Pedro Melo Alves: “Pedro Melo Alves’ Omniae Ensemble – Prémio de Composição Bernardo Sassetti 2ª Edição” (Nischo)
Durante demasiado tempo, no nosso país, a composição de jazz ou era apenas funcional, colocada ao serviço da improvisação apenas porque se considerava que esta tinha de seguir alguma cifra, ou correspondia a uma presunção criativa que a tornava maneirista, barroca e ornamental, ainda que incapaz de esconder um confrangedor vazio de substância, de sentido e, em alguns casos, até de gosto. Sempre com honrosas excepções, tendo a mais notável sido, sem dúvida, a de Bernardo Sassetti, o compositor-pianista que o Prémio de Composição com o seu nome procura homenagear. Nos últimos anos esse cenário mudou radicalmente, e sobretudo graças a uma nova geração de músicos para quem a escrita tem ganho uma cada vez maior importância na expansão das suas personalidades musicais enquanto instrumentistas. Pedro Melo Alves, o segundo vencedor do Prémio em questão, vem estabelecer uma fasquia bem alta no nível de qualidade a que, neste domínio, se chegou.
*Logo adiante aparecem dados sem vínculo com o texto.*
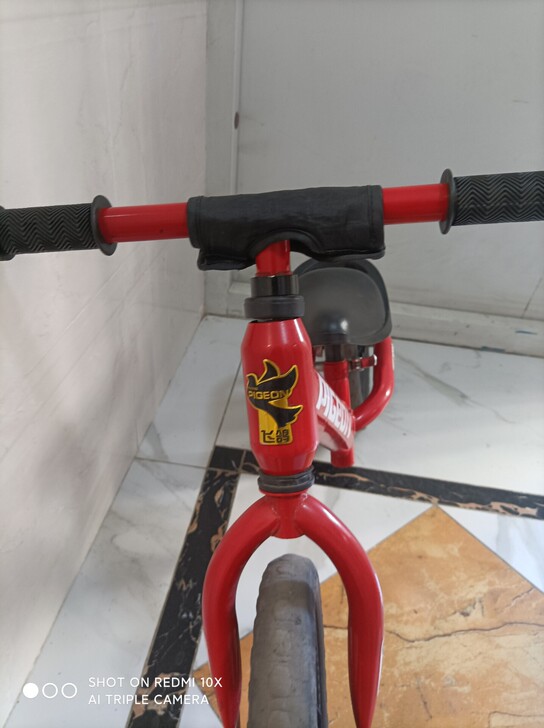 闲置凤凰平衡车，7成新，自提。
As peças integradas neste disco, aquelas que mereceram do júri formado por Mário Laginha, Carlos Azevedo e Carlos Martins a escolha do baterista que conhecíamos já do The Rite of Trio, estabelecem finalmente uma ligação – aquela que ainda faltava sedimentar pelo lado português – com a linhagem histórica que “sentou” o jazz depois de este se ter afirmado como uma música de dança, não encarando essa nova condição concentrada na escuta da forma vulgar, como um sentar clubístico, num banco de bar, à frente de um uísque e de um pratinho com amendoins. Nas partituras de Melo Alves tocadas pelo próprio com José Soares (saxofone alto), Gileno Santana (trompete), Xavi Sousa (trombone), Mané Fernandes (guitarra eléctrica), José Diogo Martins (piano) e Filipe Louro (contrabaixo) ouvimos os nobres ascendentes de George Russell, Charles Mingus, Eric Dolphy, Gunther Schuller, Andrew Hill, Lennie Tristano, Jimmy Giuffre, Julius Hemphill. Trata-se de um jazz pensador, intelectual, aberto a contribuições tanto da música erudita quanto da popular. Este é um jazz que se interroga, que problematiza, que recusa ser normativo, que explora. E que, sim, tem deliciosas relações com essa obra-prima da composição jazz que é “Unreal: Sidewalk Cartoon” de Bernardo Sassetti.